My method is: Consider any vertex $v$. Then there's a probability ${n-1 \choose i}p^i(1-p)^{n-1-i}$ that it will have $i$ neighbours. After connecting $v$ to these $i$ neighbours, we contract them ($v$ and its neighbours) into a single connected component, so we are left with the problem of $n-i$ vertices (the connected component plus $n-i-1$ other "normal" vertices.

Except that now the probability of the vertex representing connected component being connected to any other vertex is $1-(1-p)^i$. So I introduced another parameter $s$ into the formula, giving us:

$g(n,s)=\sum\limits_{i=1}^{n-1}g(n-i,i){n-1 \choose i}q^i(1-q)^{n-1-i}$,

where $q=1-(1-p)^s$. Then $f(n)=g(n,1)$. But this is nowhere as simple as the mentioned formula, as it has an additional parameter...

Can someone explain how the formula $f(n)$ is obtained? Thanks!

2

There are 2 best solutions below

0
On

Here is one way to view the formula. First, note that it suffices to show that $$ \sum_{i=1}^n {n-1 \choose i-1} f(i) (1-p)^{i(n-i)} = 1, $$ since ${n-1 \choose n-1}f(n)(1-p)^{n(n-n)}=f(n).$ Let $v_1, v_2, \ldots, v_n$ be $n$ vertices.

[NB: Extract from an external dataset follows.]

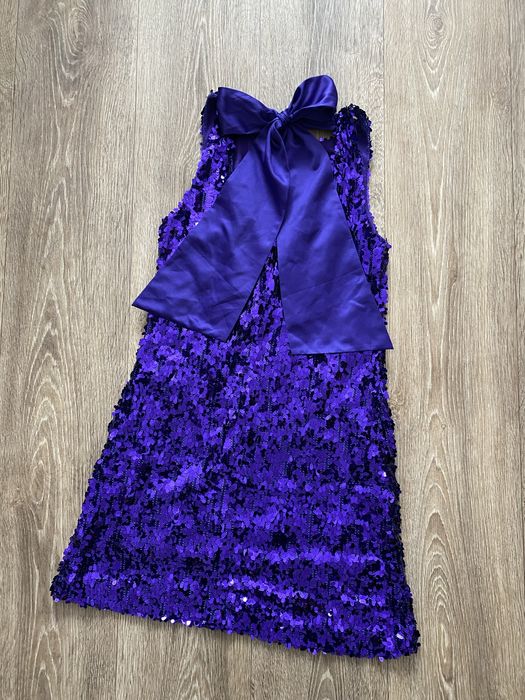 Святкова сукня в паєтки new look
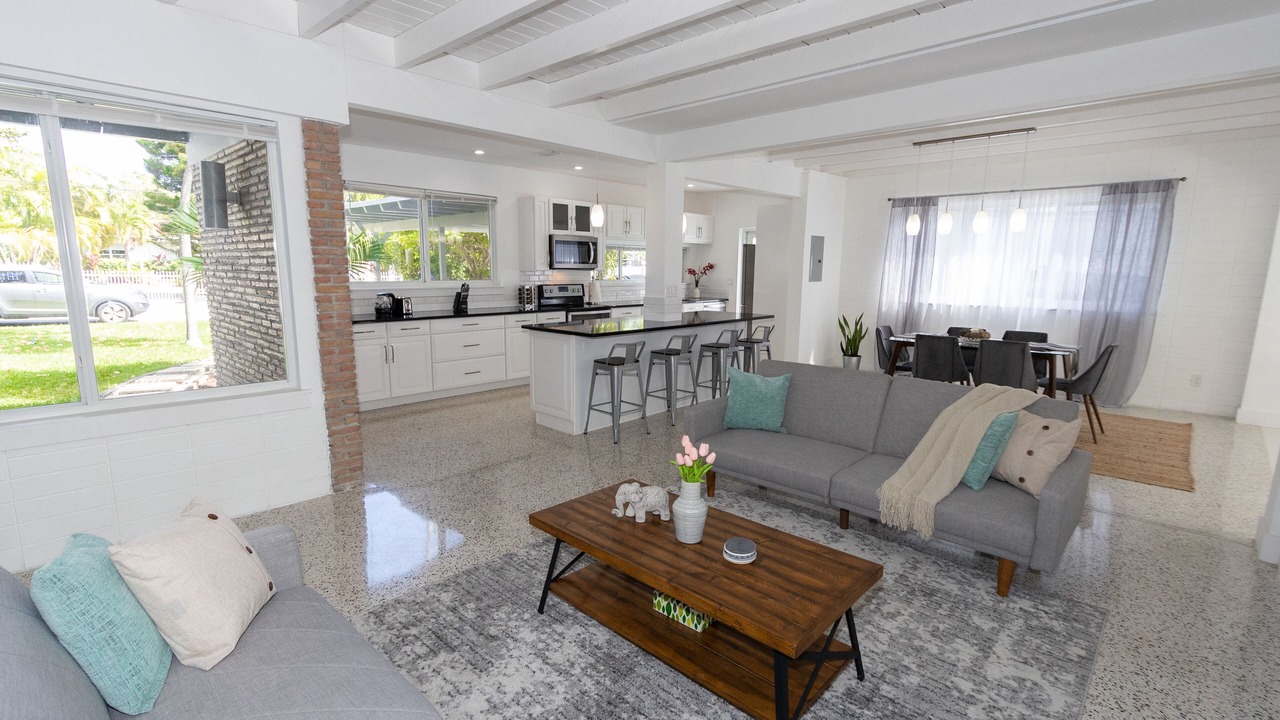 Photo of Livingroom in Northeast Miami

Trivially, $$ 1= \sum_{i=1}^n P(v_1 \text{ is in a component of size }i). $$ Now let's consider why $$P(v_1 \text{ is in a component of size }i)={n-1\choose i-1}P(G(i,p) \text{ is connected}) (1-p)^{i(n-i)}.$$ If $\mathcal{A}$ is the set of all $i-1$ subsets of $\{v_2, v_3, \ldots, v_n\}$, then \begin{align*} P(v_1 \text{ in comp of size }i)&=\sum_{A \in \mathcal{A}}P(\text{the comp of }v_1\text{ is }\{v_1\}\cup A)\\&=\sum_{A \in \mathcal{A}}P(\{v_1\}\cup A \text{ is conn'd})P(\text{no edge btwn }A\cup\{v_1\} \& \ (A\cup \{v_1\})^c). \end{align*} This last equality is due to the fact that the edges within $\{v_1\}\cup A$ are independent of the edges from $A$ to $A^c$. There are precisely ${n-1 \choose i-1}$ elements in $\mathcal{A}$. The probability that $\{v_1\}\cup A$ is connected is equal to the probability that $G(1+|A|,p)$ is connected, which is $f(i)$. There are $i(n-i)$ missing edges from $\{v_1\}\cup A$ to $(\{v_1\}\cup A)^c$.

1
On

What happens is that he/she sums over all cuts of the graph. To avoid counting anything twice, you focus specifically on some specific vertex, calling it $1$.

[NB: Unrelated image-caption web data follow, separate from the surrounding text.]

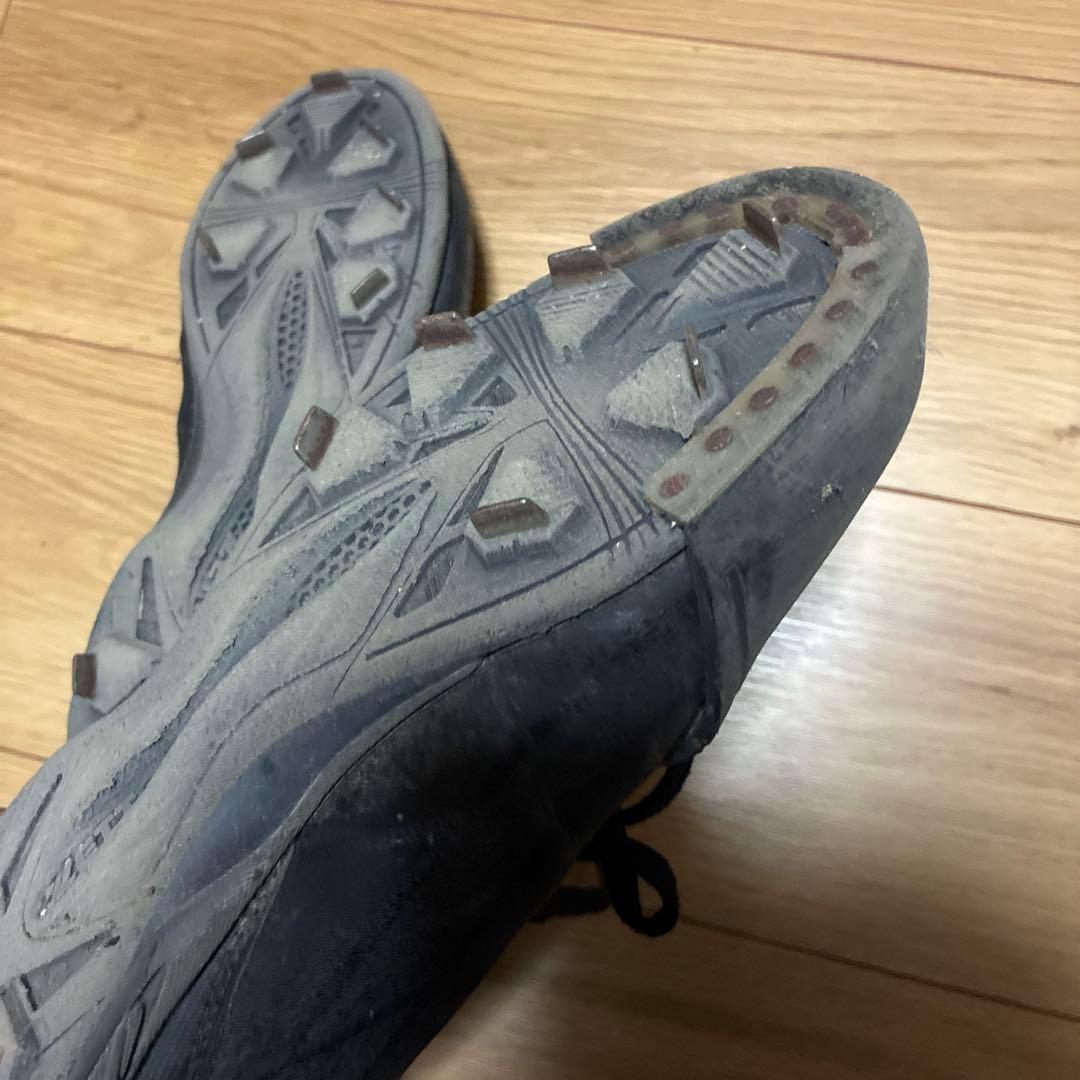 黒 スパイクシューズ 使用感あり
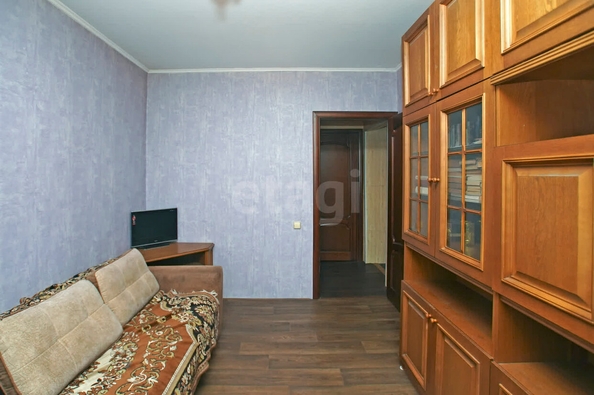 
  Продается 4-комн. квартира, 77 м², 18-й военный городок, д. 226
. Фото 2.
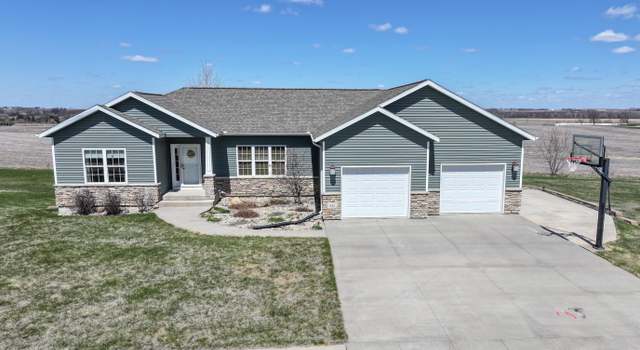 Photo of 411 Nicklaus Dr, Parkersburg, IA 50665
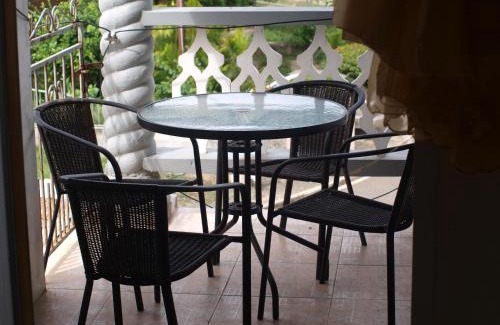 Buccoo Apartamento | Memories Cottage and Apartments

If the graph is disconnected, there is going to be a connected component of some size, which contains $1$.

So you sum over the size this component might have, and with multiplicity $n-1 \choose i-1$ which is the number of ways to choose $1$'s fellow set members. You want the component containing $1$ to be connected, so you multiply by $f(i)$, but nothing in the component can be connected to something not there, so you multiply by $(1-p)^{i(n-i)}$. The $(n-i)$ part of the graph can be connected or not, it doesn't matter.

A slight problem with the formula is, that it is not stable for small $p$s and large $n$s.